From non-time to the presence of a timescape: transformations of the experience of contemporaneity in durational theatre and performance.
About
This PhD proposal aims at developing a novel concept of presence in performance, corresponding to the temporal relations developed in contemporary durational theatre. Producing a new understanding of the concept of contemporaneity, the project will move beyond the pure self-presence of modernism and its post-modernist critique, in order to make an original contribution to recent discourse rehabilitating presence (Kaye, Power, Sherman). Here, contemporaneity is understood not only as concomitance, but as the dominant temporal experience of post-Fordism described by Marc Augé as a paradox in which an excess of time becomes ‘non-time’. Contemporaneity also refers to being with time (‘being con-tempo’), as articulated by philosophers, anthropologists and art historians but, surprisingly, not by performance scholars. This project departs from the premise that durational theatre is a site of dual temporality, ideal for extending the study of contemporaneity: it shares excess time with contemporary life and although it cannot escape measured time, it refuses to embrace linear temporality.
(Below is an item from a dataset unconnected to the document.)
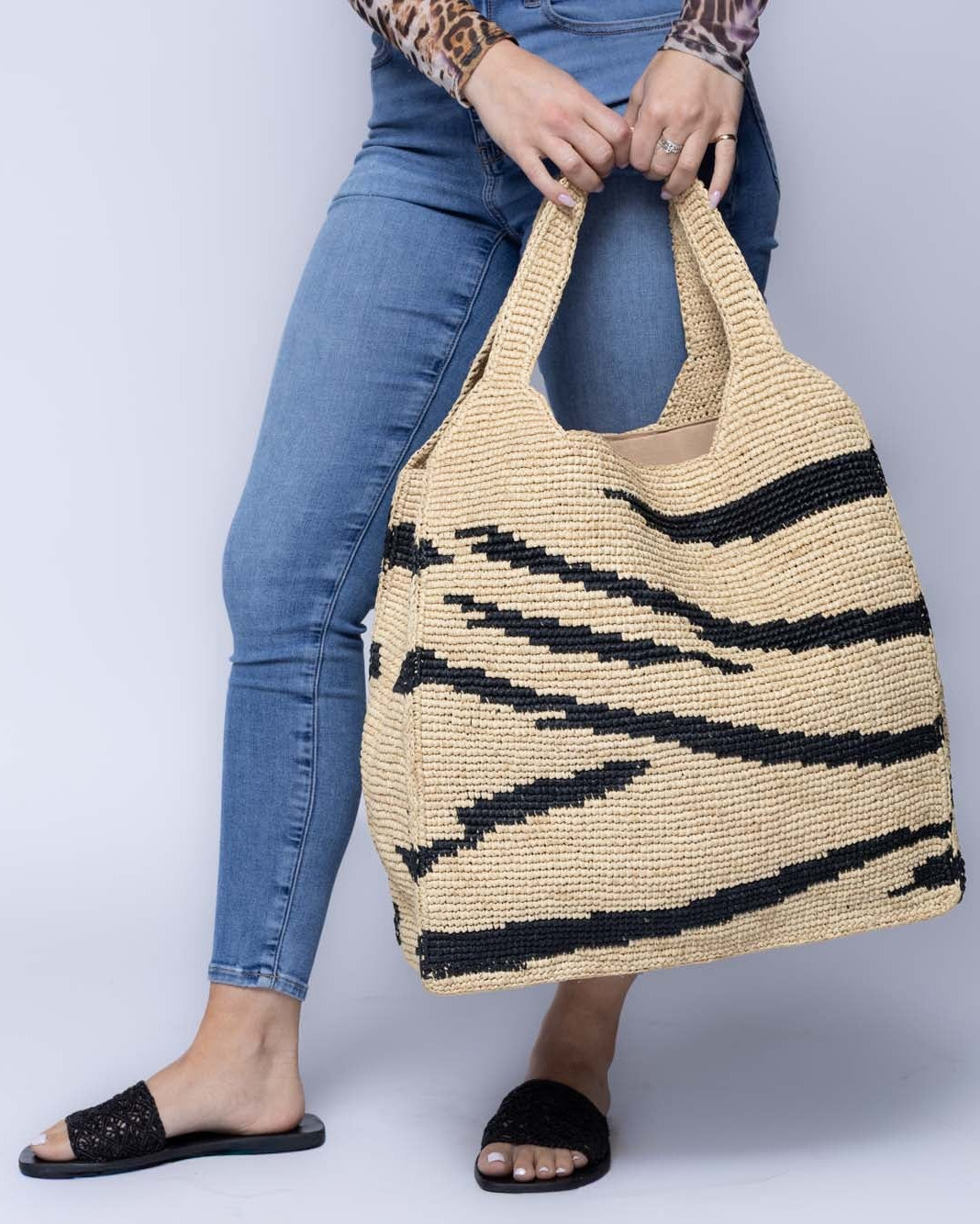 Model wearing Mamie XL Crochet Straw Basket Handbag handmade crochet natural raffia palm fiber in a two tone natural and black zebra stripe pattern purse beach bag - Shebobo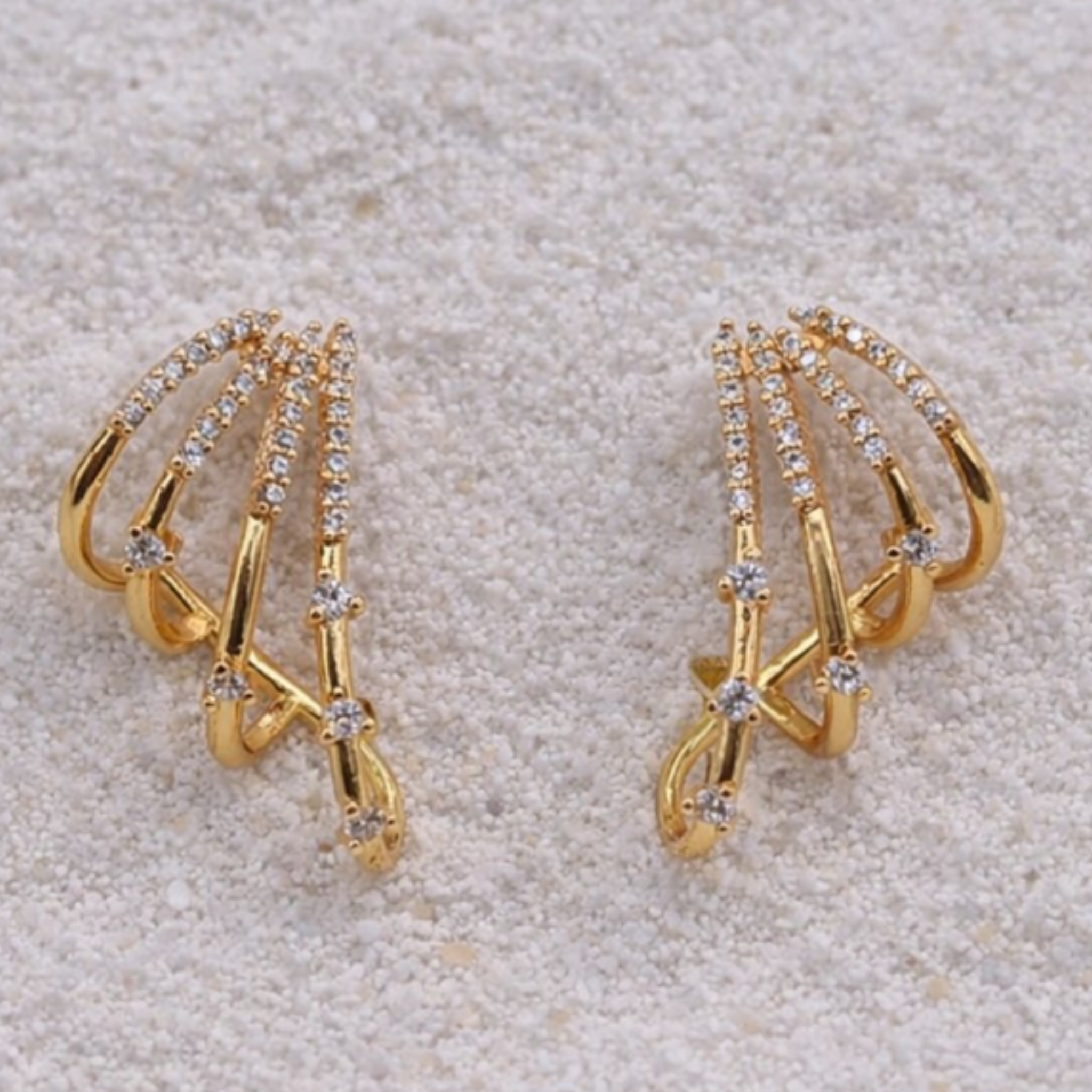 Gold earrings with diamond-like stones on a textured beige surface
By focusing on works by Marina Abramović, Jan Fabre and Robert Wilson alongside writings by Merleau-Ponty, Derrida and Augé as equal sources of ideas, a novel methodology of performance philosophy based on spectatorship as an experimental process, will explore four ontological aspects of presence: where, when and how it emerges and its relation to embodiment. Whereas existing literature on theatre’s duration and the politics thereof has been largely influenced by Bergson, this study looks to phenomenology for an alternative to ‘non time’. From this perspective the project will examine the extent to which durational theatre’s political potential consists in the enabling of a ‘con-tempo’ experience of temporal awareness, rather than time ‘wasted’ contra capitalist efficiency. Finally, this temporal experience will be suggested as a characteristic of contemporary art differentiating it from modern and post-modern practices.